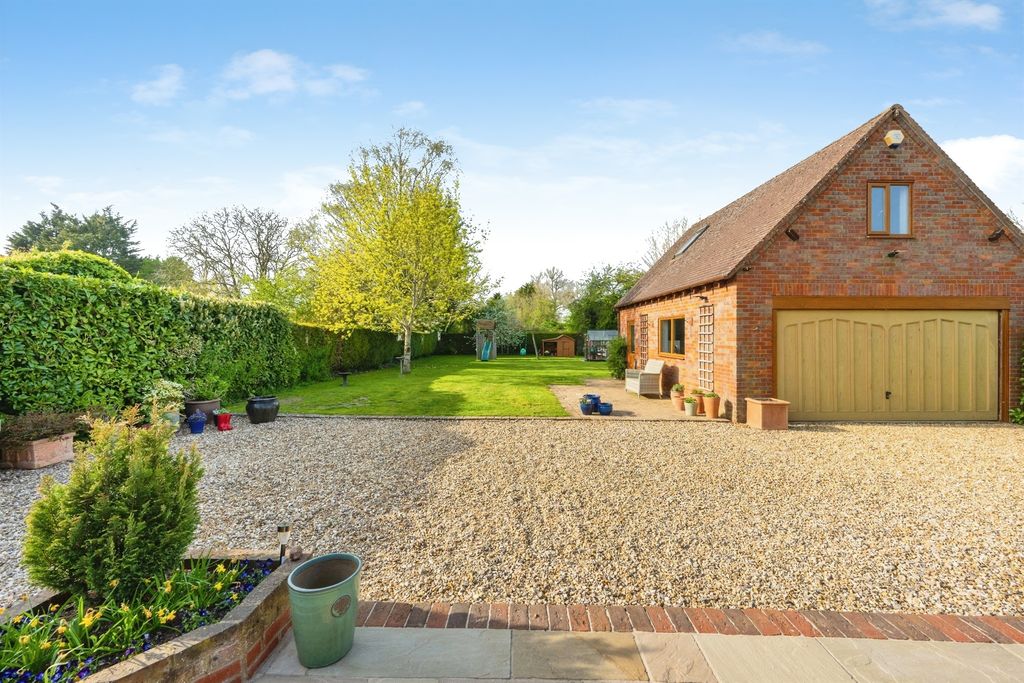 Additional image 32 of 4 bed detached house for saleMarroway, Weston Turville, Aylesbury HP22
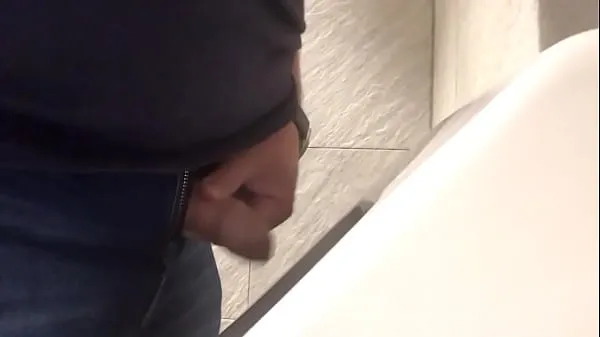 Mira Public Toilet Cumshot clips cálidos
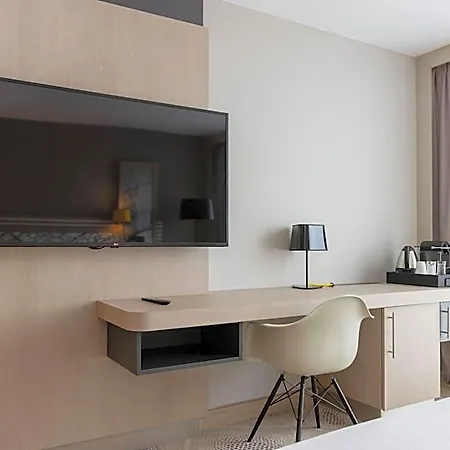 Hilton Garden Centre, France 4* Tours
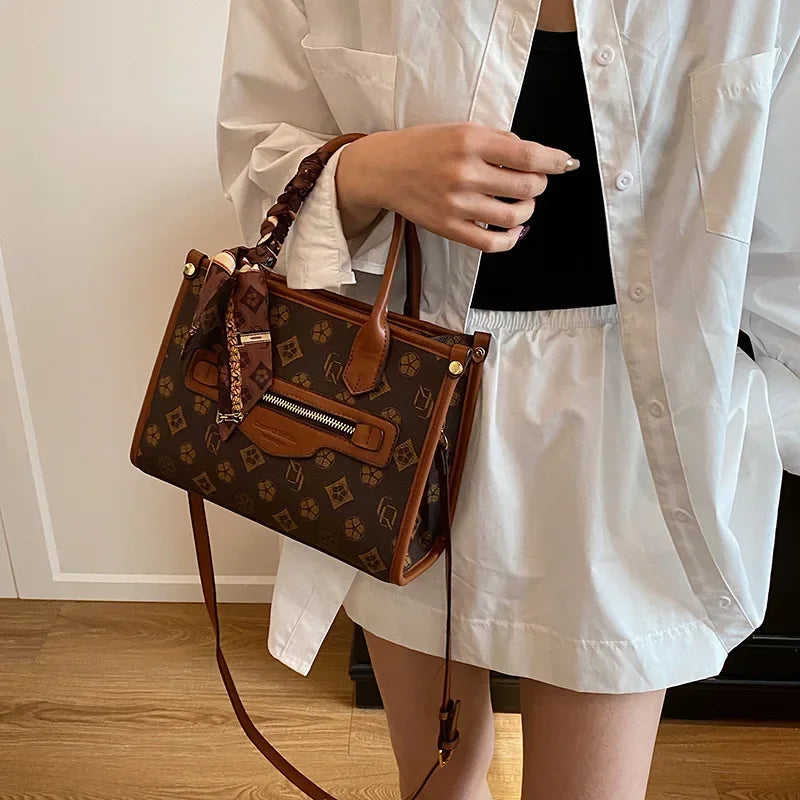 2025 New Womens Minimalist Tote Bag Large Capacity Practical Design Perfect Companion for Daily Commuting Travel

## Task requirements
Every last line above must be reproduced as written, and no pictures belong in the copy.

## Solution for this task
 Additional image 32 of 4 bed detached house for saleMarroway, Weston Turville, Aylesbury HP22
 Mira Public Toilet Cumshot clips cálidos
 Hilton Garden Centre, France 4* Tours
 2025 New Womens Minimalist Tote Bag Large Capacity Practical Design Perfect Companion for Daily Commuting Travel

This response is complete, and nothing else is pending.